I can’t even call it a novel because I was so goal oriented to meet the word count that it’s just a mush of 50,000 words.
So, what did I accomplish during this magical month of novel writing? I wrote 50,000 words and won the challenge of writing 50,000 words. However, winning the challenge produced nothing but jumbled words.
I’m glad I’m not alone. The statistics for the number of people participating in the NaNoWriMo challenge and the number of writers who actually complete and publish their novels from the challenge are minimal.
Besides the fact that November was a horrible month to choose for the challenge because it is a holiday month, and you lose at least a week of time. I suppose Christmas would be worse.
But worse than that is it’s encouraged to write an outline before November, which is an underline meaning that you are more likely to succeed if you have an outline.
What about the Pantsers?
It was 2004 when I first heard about NaNoWriMo (National Novel Writing Month), and I bought the book that the founder Chris Baty wrote, No Plot? No Problem–what I discovered after reading this book and winning the challenge is that if you’re a plotter (write an outline), it’s no problem. But if you’re a pantser (write by the seat of your pants), like me, it’s a tremendous problem. For plotters, this is the challenge for you.

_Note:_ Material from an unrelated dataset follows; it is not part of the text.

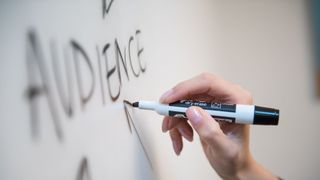 A hand writing the word Audience on a whiteboard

There are many people who say, I want to write a book; they try but fail. Mostly because it is hard work and people don’t expect that. If you think being a novelist and inventing a storyline and characters is simple work, you’re in for a rude awakening.
This is my experience with NaNoWriMo and I am sure not everyone shares the same tragedy I do and did. It’s still fun and I advertise it on Twitter for my writer friends to take part because even though it doesn’t work for me, it may work for another writer. If you’re interested in checking it out, here’s a link to their website Welcome | NaNoWriMo.
I still join the NaNoWriMo challenge every year, but I don’t stress over the word count anymore. When I produce 5,000 legible words in a month, I’m happy.